After a 76-yard scoring drive at the start of the second half, Harvard coach Tim Murphy rested some of his starters. “Obviously, we pulled them too soon,” he would say later.

The Crimson offense went flat. Nothing worked. And Penn began playing brilliantly.

The Crimson defense, which had limited Penn to four first downs in the opening half, allowed 17 in the game’s last 22 minutes, as a fierce Quaker rally cut a seemingly insuperable lead to just eight points.

Harvard's offense couldn’t make a first down for the rest of the game.

 “It was almost like we flipped a switch,” Penn coach Al Bagnoli said afterward. “In the second half, we executed great and they didn’t execute great. It’s a funny game when these two teams play.”

After four consecutive scoring drives, the last two sustained by the passing of backup quarterback Ryan Becker, the Quakers mounted a final, make-or-break drive with 3:42 on the game clock. Making good on two successive fourth-down conversions, Penn moved 54 yards to the Harvard 21-yard line.

With 52 seconds remaining, Becker threw a swing pass to back Kyle Wilcox. Harvard safety Jaron Wilson read the play and nailed Wilcox just a yard from the line of scrimmage.

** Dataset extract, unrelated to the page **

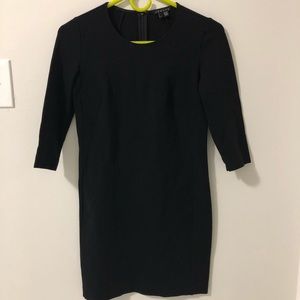 Theory 3/4 Sleeve Black Dress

Becker then overthrew Conner Scott, his leading receiver, in the far corner of the end zone.

On the next snap, Harvard defensive end Danny Frate hurried Becker and forced an off-target throw to Wilcox. Now it all came down to one play.

Becker’s last pass was aimed at six-foot-six tight end Ryan O’Malley, but the ball was tipped by a Harvard defender, extinguishing the Penn rally.

Just who had deflected the ball was hard to tell. The official play-by-play summary credited linebacker Josh Boyd, Harvard’s captain. “I’d like to think I got a tip on it,” Boyd told reporters. “We had to make a play there. It was a little hairy when the ball was up in the air, but it was a great way to end the game.”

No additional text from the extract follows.